Maguire A, Arellano Felix M, Perez-Gutthann S, Arana A. Risk benefit modeling: the use of stochastic simulation for safety evaluations. Presented at the 20th ICPE International Conference on Pharmacoepidemiology & Therapeutic Risk Management; August 22, 2004. Bordeaux, France. [abstract] Pharmacoepidemiol Drug Saf. 2004 Sep 23; 13(Suppl 1):S272.


BACKGROUND: There is a wealth of epidemiological data that may be used to assess the risk benefit, or the relative safety profile, between medications. Simulation techniques have been applied to clinical trial designs and in other fields such as the motor industry, allowing evaluation of ‘what if’ scenarios for safety outcomes. For drug safety surveillance, simulation techniques may allow us to focus efforts on expected scenarios.

OBJECTIVE: To outline the approach and application of stochastic simulation models in drug safety. An example will illustrate the approach: how heart failure and asthma/COPD exacerbation events can be modeled for glaucoma patients not exposed to treatment, and howevents in a timolol maleate exposed group vary with off-label use.

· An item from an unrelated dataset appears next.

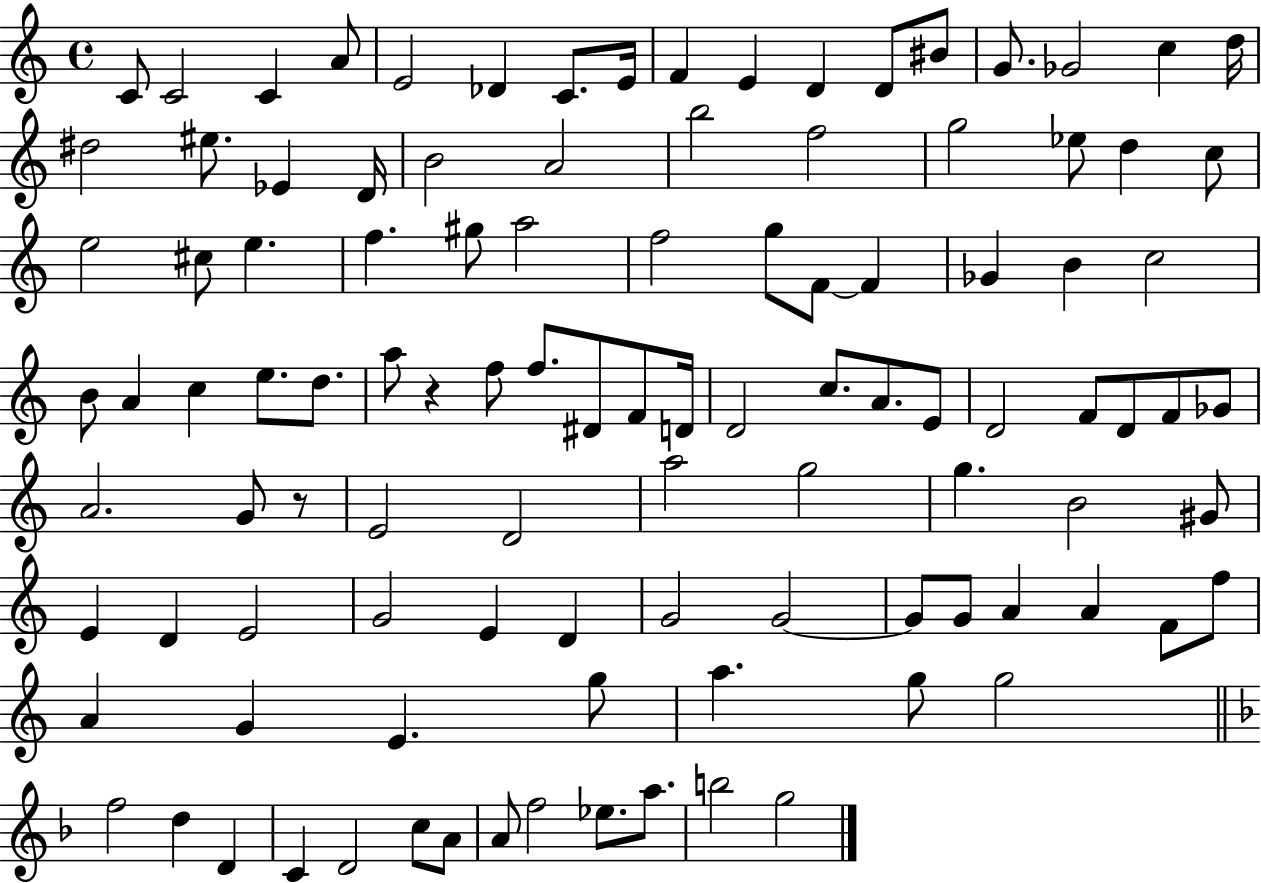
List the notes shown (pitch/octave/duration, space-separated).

C4/e C4/h C4/q A4/e E4/h Db4/q C4/e. E4/s F4/q E4/q D4/q D4/e BIS4/e G4/e. Gb4/h C5/q D5/s D#5/h EIS5/e. Eb4/q D4/s B4/h A4/h B5/h F5/h G5/h Eb5/e D5/q C5/e E5/h C#5/e E5/q. F5/q. G#5/e A5/h F5/h G5/e F4/e F4/q Gb4/q B4/q C5/h B4/e A4/q C5/q E5/e. D5/e. A5/e R/q F5/e F5/e. D#4/e F4/e D4/s D4/h C5/e. A4/e. E4/e D4/h F4/e D4/e F4/e Gb4/e A4/h. G4/e R/e E4/h D4/h A5/h G5/h G5/q. B4/h G#4/e E4/q D4/q E4/h G4/h E4/q D4/q G4/h G4/h G4/e G4/e A4/q A4/q F4/e F5/e A4/q G4/q E4/q. G5/e A5/q. G5/e G5/h F5/h D5/q D4/q C4/q D4/h C5/e A4/e A4/e F5/h Eb5/e. A5/e. B5/h G5/h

METHODS: The essence of the approach is to generate random times to events based on the risk of the event occurring in a non-exposed patient group. This first step provides the natural history of the safety events. Drug exposure is incorporated into the models by applying relative risk parameters obtained from epidemiological studies and clinical trials. Thus fictitious cohorts are generated and evaluated. Timolol maleate is contraindicated for glaucoma patients with history of asthma or heart failure due to systemic absorption of this beta-blocker. We modeled the occurrence of these events in a non-exposed cohort and then examined scenarios of differing prevalence of history of asthma/COPD for users of timolol. Prevalence of asthma/COPD in the general population is 12%. Despite the contraindication included in timolol’s label, it is possible that 9% of users have asthma/COPD.

RESULTS: In a non-exposed glaucoma cohort of 10 000 patients, over 5-years around 267 cases of heart failure cases, 94 cases of de novo asthma, 402 asthma exacerbations, and 988 deaths will arise. Exposure to timolol may increase heart failure cases to 353 (32%) cases whilst the number of de novo asthma remains stable. Deaths may increase to 1014 (2.6%). If labeling were adhered to there would be no asthma/COPD exacerbations. However, for the most likely scenario of off label use (prevalence¼9%) there may be 410 asthma exacerbations, whilst if the contraindication had no influence on prescription (asthma/COPD prevalence¼12%) then we may expect 547 cases.

CONCLUSION: This example shows that stochastic simulation modeling may be a good approach to quantify the effect of drug exposure on safety outcomes by incorporating existing epidemiological data in a single framework. However, the complexity of the models makes validation cumbersome.